Sie schlängeln sich zwischen den Autos über den Bay Parkway und gehen hinter die Tennisplätze, um das braune Gras nach guten Steinen abzusuchen. Bobby findet einen. Er war erst einmal an einem See, das war mit Jonny Boy in Jersey, aber er weiß, dass sich so ein Stein gut zum Hüpfenlassen eignet. Flach und glatt. Liegt gut in der Hand. Leicht rosa. Zeke findet ein paar kleine Steine. Im Grunde bessere Kiesel. Dann entdeckt Bobby den nahezu perfekten Stein, kugelrund, glatt und schwer, aber nicht zu schwer zum Werfen. Zeke lacht. Nicht schlecht! Er selbst sammelt noch ein paar brauchbare Steine auf, auch einen, der gar kein Stein ist, sondern ein Ziegelbrocken.
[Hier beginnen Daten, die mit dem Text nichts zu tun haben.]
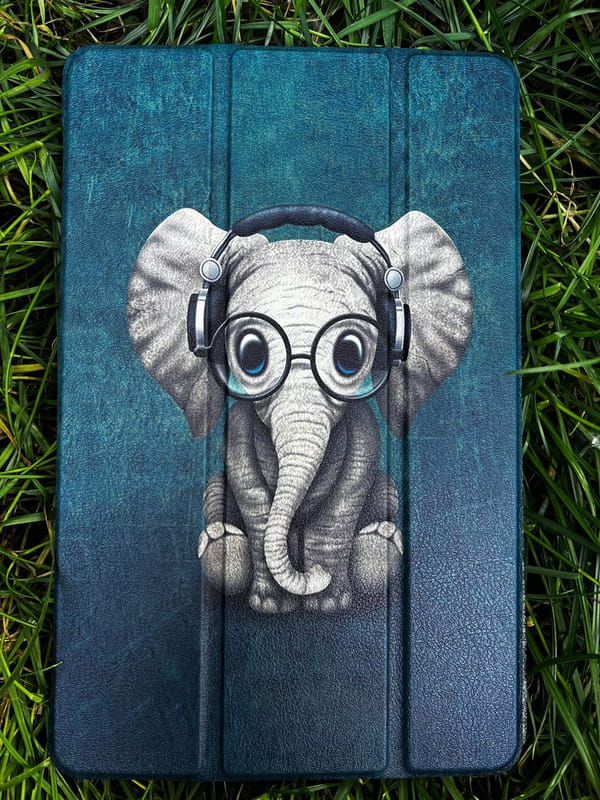 Чeхол BeCover Smart Case для Samsung Galaxy Tab A9 Plus SM-X210/SM-X215/SM-X216 11.0" Elephant (711278)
Zuerst wirft Zeke, aber er trifft nicht. Er hat auf den Bus einer Kirchengemeinde gezielt, aber der Stein fliegt über das Dach und schlittert gegen den orangen Kegel vor der Schutzplanke, die den Parkway und die Abfahrt trennt.
Dann versucht Bobby es und erwischt mit dem ersten Stein die Beifahrertür eines rostroten Chevy Lumina. Er knallt dagegen. Der Fahrer tritt auf die Bremse und hupt panisch. Sie können ihn sehen. Ein Mann mit Bart, der herumschaut, um rauszukriegen, was sein Auto getroffen haben könnte. Sogar von hier oben ist zu erkennen, dass er schwitzt. Er bemerkt sie nicht. Schließlich fährt er weiter und biegt an der Ampel links auf den Bay Parkway.
Bobby und Zeke kriegen sich vor Lachen nicht mehr ein.
»Wie blöd hat der denn geglotzt«, sagt Zeke und äfft den Mann nach.
Sie werfen noch ein paar Steine, treffen Reifen und Motorhauben und Kofferraumdeckel, schaffen es aber nicht mehr, die Fahrer zu erschrecken, was letztlich ihr Ziel ist. Für den Fall, dass einer aussteigt und ihnen hinterherjagt, haben sie ihre Fluchtroute schon festgelegt. Als der Typ mit dem Schnurrbart sie verfolgte, nahmen sie den langen Weg um den eingezäunten Baseballplatz im Shore Parkway Park. Nur deshalb hatte er sie am Radweg erwischt. Inzwischen haben sie ein Loch im Zaun entdeckt, und weil gerade keiner spielt, können sie einfach quer über den Platz laufen und kommen bei einer der Spielerbänke raus. Die perfekte Abkürzung zum Radweg. Gleich nach der Seventeenth Avenue kennt Bobby eine Fußgängerbrücke über den Belt, die zum Bath Beach Park führt. Von dort können sie nach Hause rennen, gedeckt von dem Chaos aus Autos und Bussen und Leuten mit Einkaufswagen und Gettoblastern auf kaputten Gehsteigen und Kids in Hauseingängen.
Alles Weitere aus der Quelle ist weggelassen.